We often graze life looking for love. We look for that certain someone to spend our life with to drown in the blissful state of love. Some find them as early as their childhood; some find their love in their late years. Regardless of age or gender, love is something complex. It is so hard to grasp that even Philippe Nemo and Levinas in their discussion of Love and Filiation could only but describe the idea of Love. Even in the theological aspect, love, mostly the relationship that concerns love should be aware of the other person’s otherness. Levinas mentions that “The pathos of the erotic relationship is the fact of being two, and that the other is absolutely other”. Quite often, as human as we are, we err in this and tend to feel that we are one with the other person. In this oneness, we invest ourselves wholly. It is this oneness that brings us to our knees when the reality of otherness is vindicated.

In the three French films: Blue, White, Red, the main theme is the realization of otherness. In Blue, she did not know that her husband had a mistress who also happened to be pregnant with his child. They had a happy marriage, or maybe a “normal marriage” would be appropriate. They were both good in composing music and they loved each other. She loved him too much she had to move to another place from their house when he died. She was broken because she lost the love of her life, her other half. And so she strives to move on amidst the tears each night, living a new life ahead without her husband beside her. However, things turn when she finds out that her husband had a mistress while watching television. This contradicts her perception of who he was, whom she knew him to be—a loving and faithful husband. Them being married together, being joined as one in the eyes of God meant for her, an infinite tie, a connection that they knew each other well, that she was so sure that he wouldn’t do anything like that to their marriage. Any woman, or any person in this matter, would be devastated no matter how strong one is. Questions would then run through your mind like the “How’s” and “Why’s”. You would keep on hearing from yourself that this is not the man I knew and loved. One becomes confused. The feeling of shock and amazement will be overwhelming. These could have gone through her head in those moments of blackness. She was angry, a normal response, but she realizes what she never bothered to know before, that her husband though joined to her in marriage was still another person apart from her. He still had his own choices, his own decisions to make with or without her knowing of it. This type of story is familiar to me as it is close to home, almost cliché really. She realized first, that physically, her husband was not connected to her because he died and she hasn’t. Secondly, that her husband had a mistress and a child, something she wasn’t aware of― not even a hint. She was let down with these realizations confirmed by her series of actions in the film. Her tears, of running away, of sleeping with her husband’s bestfriend, they were all her way of coping with this reality. People try to always revert their pain or maybe at least numb it even for just a few moments. However she realizes; and deals with it.
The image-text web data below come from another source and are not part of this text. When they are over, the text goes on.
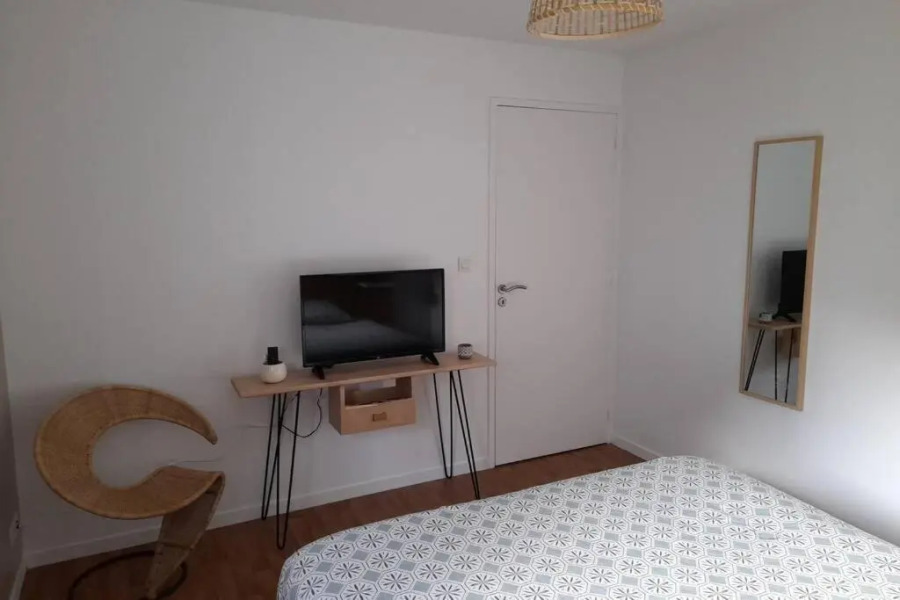 Appartement avec vue mer 3 étoiles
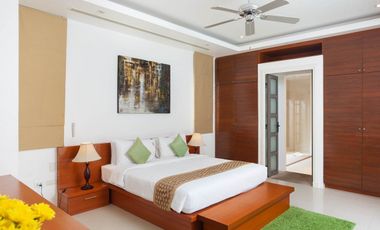 For sale 2 bedrooms villa in Thalang, Phuket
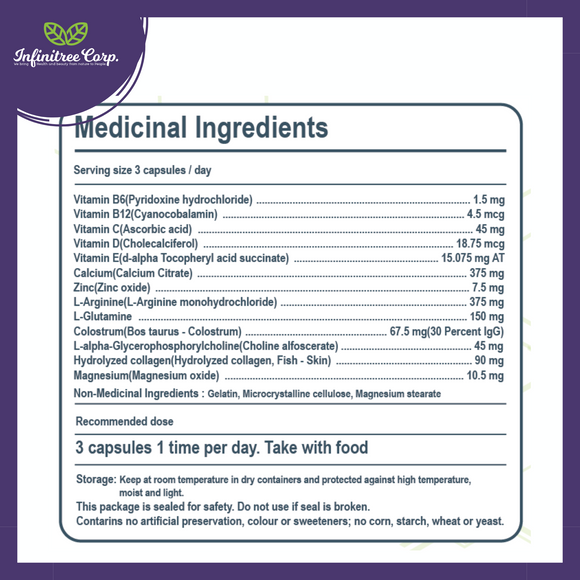 Opti-Up Alpha Plus 180 Capsules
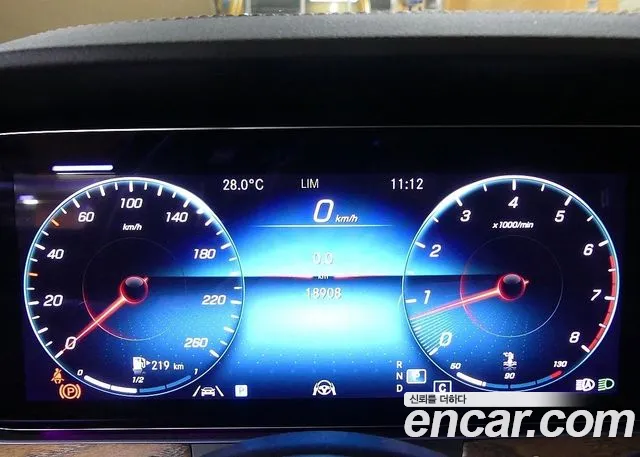 Mercedes-Benz E-Class W213 id 2458030 из Кореи 18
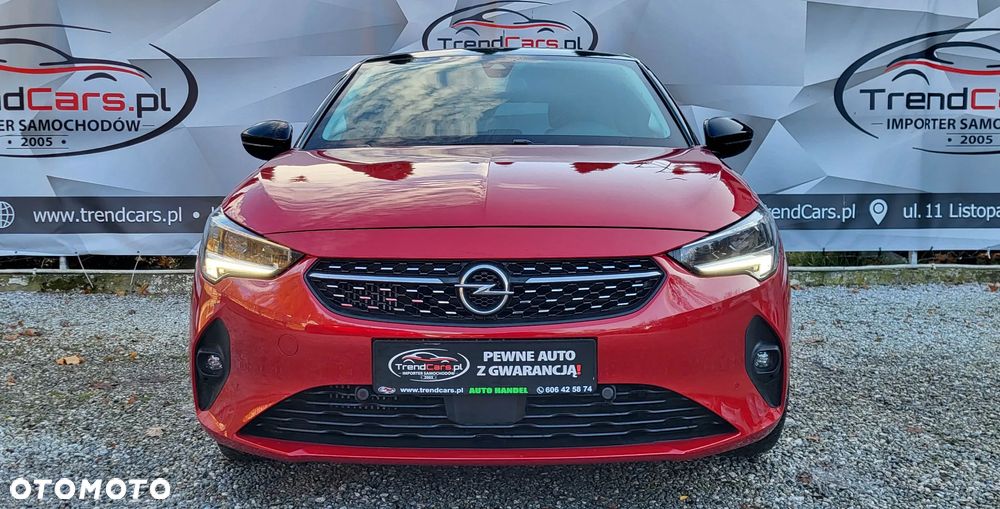 Opel Corsa 1.2 GS Line Plus Pack S&S - 10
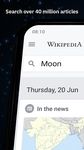 Captura de tela do apk Wikipedia móvel 3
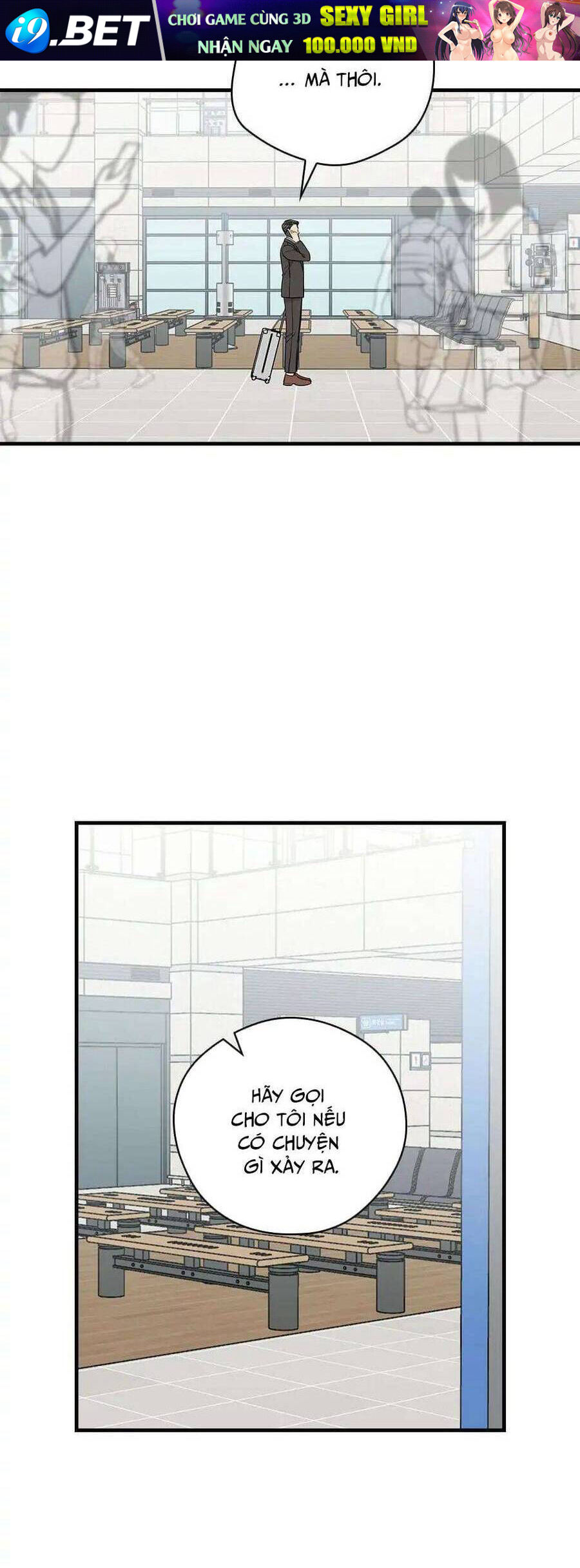 Ly Espresso Của Mùa Xuân - Chap 33 - Trang 8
Maybe this realization was the reason behind why she was so nice to the mistress and the baby. Offering one’s house for your husband’s mistress and child and securing their future is not something you hear everyday let alone actually doing it.

Acceptance of the realization of otherness is important in life, though it might not seem fair it is something we have to live with. There will never be a time when two people can actually connect entirely, much more knowing what they’re thinking about all the time. Yes, there will be times where in you can finish each other’s sentences or have so much in common it might be a wonder where one ends and where one begins. But however lovely it would seem to be one with the person it is just simply something impossible. As Levinas puts it, “the idea of a love that would be a confusion between two beings is a false romantic idea.” Maybe this is why trust should always be hand in hand with love. For the realization of otherness in a relationship is the existence of two separate entities who love each other and relies on fidelity and trust to one another.


Shalimar Salomon
III BS-MCT
Ph102 AAA
- Live like there's no tomorrow. Love like it's your last.